今回は、前回の取材時に閉鎖されていた古城の塔や礼拝堂、伝説の「バラ園」にも足を踏み入れることができ、中世騎士時代さながらの景色と、息を飲むようなドナウ河の眺めを楽しんできました。
城壁から見下ろしたドナウ河の眺め。
この城には「バラ園」と呼ばれる、血なまぐさい伝説の残る天然の岩のバルコニーがあります。この城の城主は囚人を、このドナウ河の上に突き出た小さな岩の上に放置しました。この岩の真下はドナウ川を見下ろす絶壁。囚人は、餓死するか飛び降りるかの二択を迫られたという伝説が残っています。囚人たちはどんな気持ちでこのドナウの絶景を眺めていたことでしょう。
左側のボロボロの囚人の人形が立てかけてある白い岩の部分が、この「バラ園」の岩。
天然の大岩に立つ廃墟だったこの城は、修復により、廃墟の雰囲気も残しつつ、中世当時の建築や歴史を感じられるよう再現してあります。自然に囲まれた廃墟でありながら、観光地としての整備もなされているという、魅力たっぷりのお城です。
天然の大岩の上に作られた要塞のような城です。
さて、それでは、この城で開かれた中世騎士祭りの様子もご紹介しましょう。
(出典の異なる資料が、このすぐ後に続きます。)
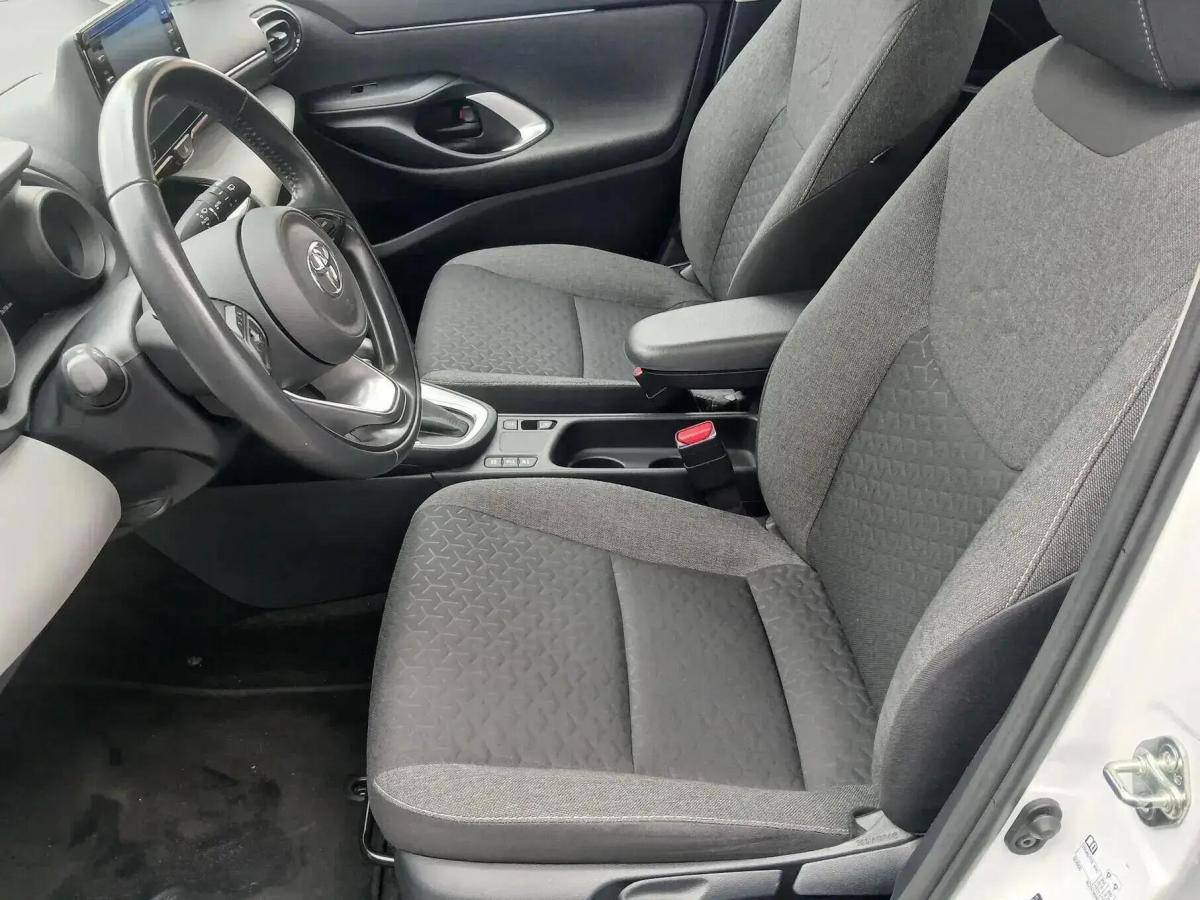 toyota-yaris-cross-2022-hibrido-a-gasolina-1490cc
中世騎士祭りとは、中世ヨーロッパの騎士や村人の生活をを再現したお祭りで、騎士や魔女、村人の格好をした人たちが、様々な屋台を出し、パフォーマンスを見せます。
中世騎士祭り開催中のアグシュタイン城
会場が中世の景色そのままの城塞都市やお城であることが多く、主催者側だけでなく、お客さんも中世コスプレをして来ることもあり、会場全体が中世にタイムスリップしたような楽しいお祭りです。
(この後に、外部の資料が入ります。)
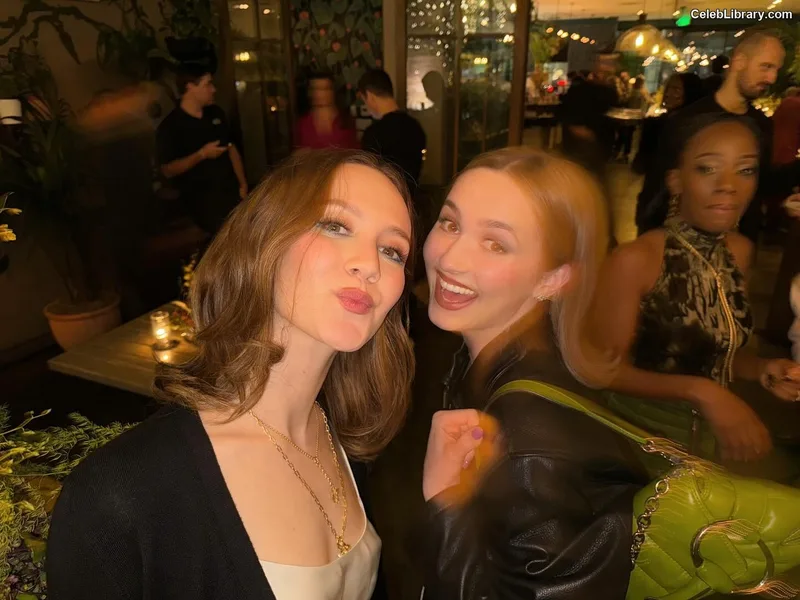 Iris Apatow photo 24 of 208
屋台が並ぶ小道には、中世衣装の人たちが沢山いました。
中世衣装の屋台の売り子さんやお客さんの他、子供用のミニ遊園地や鍛冶屋のショーなど、全て中世の時代を再現しています。舞台上のショーも、中世衣装を着たパフォーマーが、中世音楽やダンス、剣闘ショーなどを見せてくれます。
会場を塔の上から見下して。ステージでは中世風の歌や踊りのパフォーマンスが繰り広げられています。
こんなに楽しい中世騎士祭り。このお城でも定期的に開かれていますので、もしウィーンからの日帰り旅行のついでに、こんなお祭りに参加できる機会がありましたら、ぜひタイムトリップを楽しんでみてくださいね。